Within the Amazon Web Service(AWS) cloud environment, Tajo runs perfectly on either Elastic MapReduce(EMR) with Hadoop or Elastic Compute Cloud(EC2) without Hadoop.
This post explains how to setup a Tajo cluster on AWS using the EMR bootstrap actions. Source codes, technical details and latest updates can be found at this github page.
Tajo bootstrap action scripts
Bootstrap actions are scripts that run on the cluster nodes when Amazon EMR launches the cluster. You can find pre-configured Tajo bootstrap action script at:
-
s3://tajo-emr/emr-3.x/install-tajo.sh (for EMR 3.x)
-
s3://tajo-emr/emr-4.x/install-tajo.py (for EMR 4.x)
This script has various optional arguments for custom settings.

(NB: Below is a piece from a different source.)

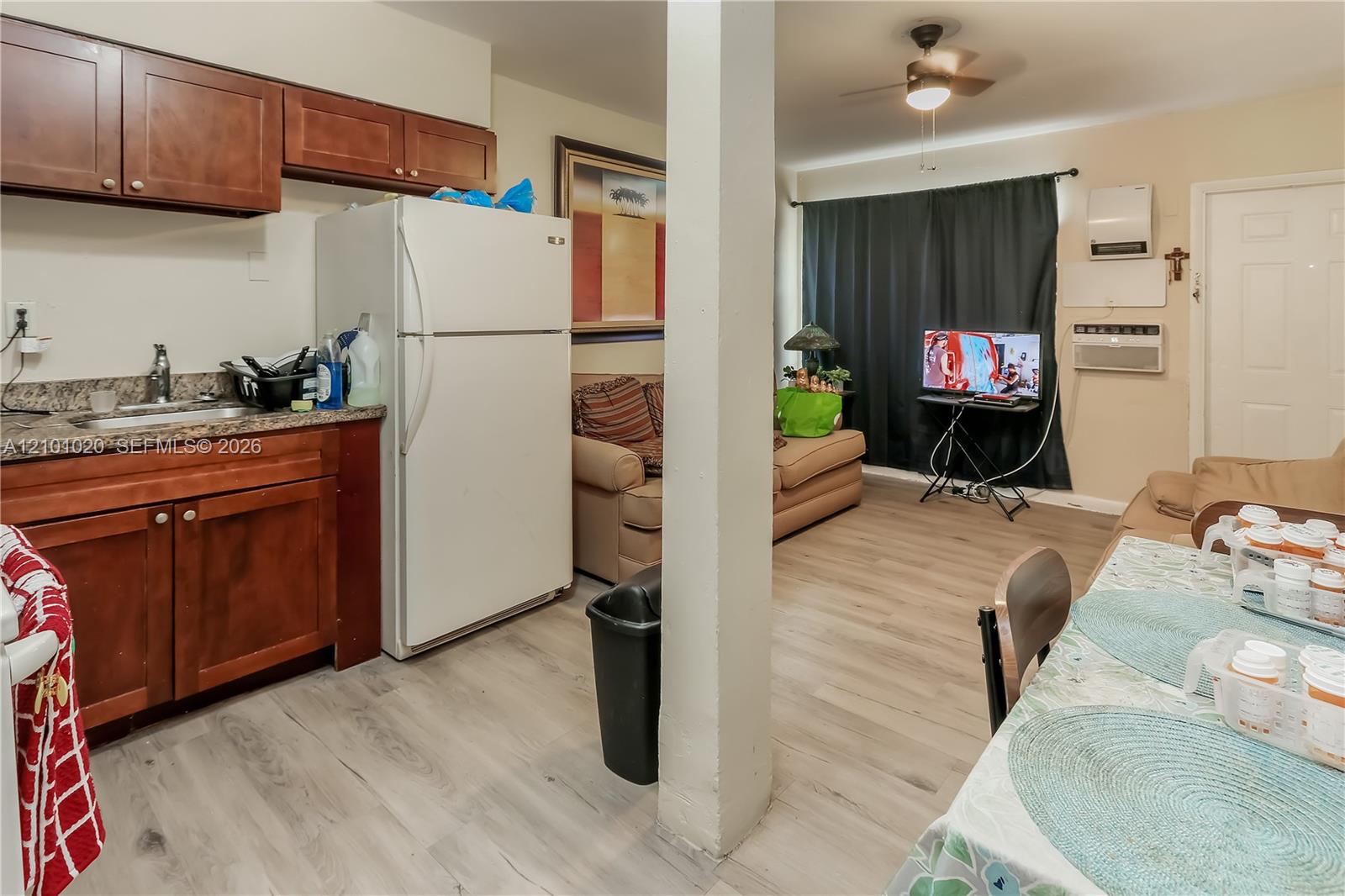   /   sq. ft. $ 2026-10-05 0 foto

See more details and sample commands in the github page.
Quick start: Launching a Tajo Cluster with default configuration
Let’s begin with a simple command and go into further details. The command below launches your Tajo cluster with default configuration. (To run this command on your desktop, you need to install and configure AWS Command Line Interface tools on your system.)
* EMR 3.x
$ aws emr create-cluster \ --name="CLUSTER_NAME" \ --ami-version=3.8.0 \ --no-auto-terminate \ --use-default-roles \ --ec2-attributes KeyName=KEY_PAIR_NAME \ --instance-groups InstanceGroupType=MASTER,InstanceCount=1,InstanceType=m3.xlarge InstanceGroupType=CORE,InstanceCount=1,InstanceType=c3.xlarge \ --bootstrap-action Name="Install tajo",Path=s3://tajo-emr/emr-3.x/install-tajo.sh,Args=["-t","https://dist.apache.org/repos/dist/release/tajo/tajo-0.11.1/tajo-0.11.1.tar.gz","-c","s3://tajo-emr/template/tajo-0.11.x/c3.4xlarge/conf"]
* EMR 4.x
$ aws emr create-cluster \ --name="CLUSTER_NAME" \ --release-label=emr-4.1.0 \ --no-auto-terminate \ --use-default-roles \ --ec2-attributes KeyName=KEY_PAIR_NAME \ --instance-groups InstanceGroupType=MASTER,InstanceCount=1,InstanceType=m3.xlarge InstanceGroupType=CORE,InstanceCount=1,InstanceType=c3.xlarge \ --bootstrap-action Name="Install tajo",Path=s3://tajo-emr/emr-4.x/install-tajo.py,Args=["-t","https://dist.apache.org/repos/dist/release/tajo/tajo-0.11.1/tajo-0.11.1.tar.gz","-c","s3://tajo-emr/template/tajo-0.11.x/c3.4xlarge/conf"]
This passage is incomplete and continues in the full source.